Exercise-Induced Bronchospasm, Prevalence and Associated Factors in University Students in STAPS ()
1. Introduction
Exercise-induced bronchoconstriction (EIB) is the transient narrowing of the airways after exercise. This phenomenon is common in athletes who may have no diagnosis of asthma or even no respiratory symptoms [1]-[4]. The child, athlete or atopic patient is prone to exercise-induced bronchoconstriction. Rhinitis or respiratory infection during exercise may predispose to exercise-induced bronchoconstriction [3] [5]. Johansson et al. [6] reported a prevalence of EIB in the general population of approximately 5% to 20%. Study by Burnett et al. [7] has shown that the prevalence of EIB is relatively high (18% to 34%) in athletes participating in both individual and team sports. It also varies according to the type of sport, the ventilatory demands and the environmental conditions in which the sport is performed.
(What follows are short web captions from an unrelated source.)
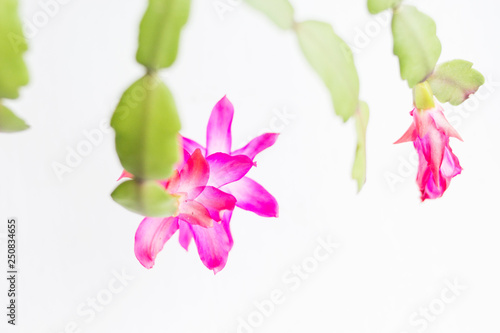 Pink flowers and the white background. Copy space. Place for text and design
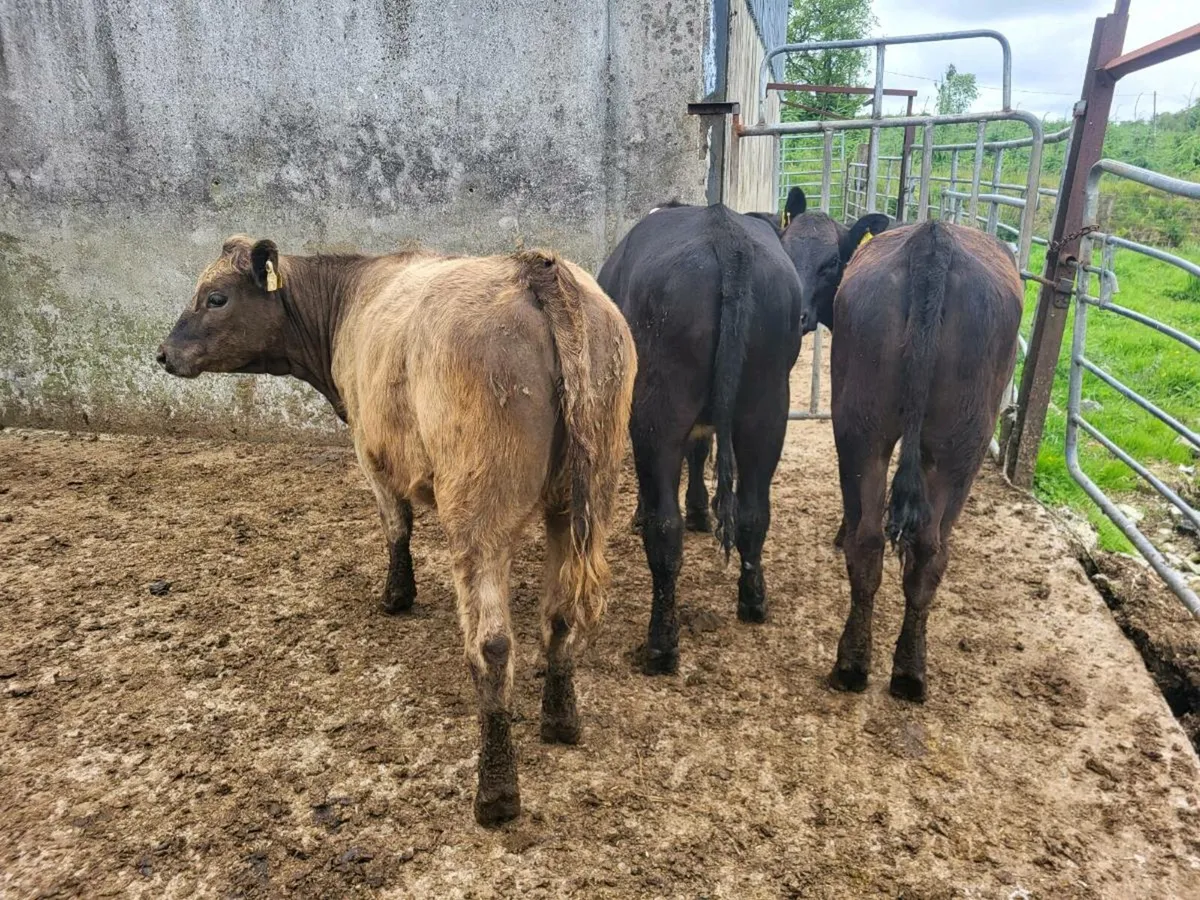 Aberdeen Angus heifers - Image 1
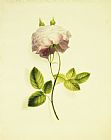James Holland A Pink Rose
Boulet & O’Byrne [2] showed a higher prevalence of EIB in elite athletes compared to the general population (21% vs. 10%). Similarly, studies by Anderson & Kippelen [8] and Carlsen et al. [5] have shown that the prevalence of EIB in athletes trained for high-level endurance events ranges from 10% to 55%. It is, therefore, not surprising that high performance endurance athletes who train in a hot, humid and polluted environment have an increased prevalence of several respiratory diseases such as asthma, rhinitis and EIB compared to non-athletes [9] [10].
While Exercise-induced bronchoconstriction is strongly correlated with hot, humid conditions and exercise levels, it should also be noted that EIB can be triggered by pollutants such as fine particles. The Higher Institute of Physical and Sports Education is a university facility located near major roads with dust-covered playing fields. It is also close to the largest market in the capital, where the unhygienic environment and garbage odors can cause respiratory problems.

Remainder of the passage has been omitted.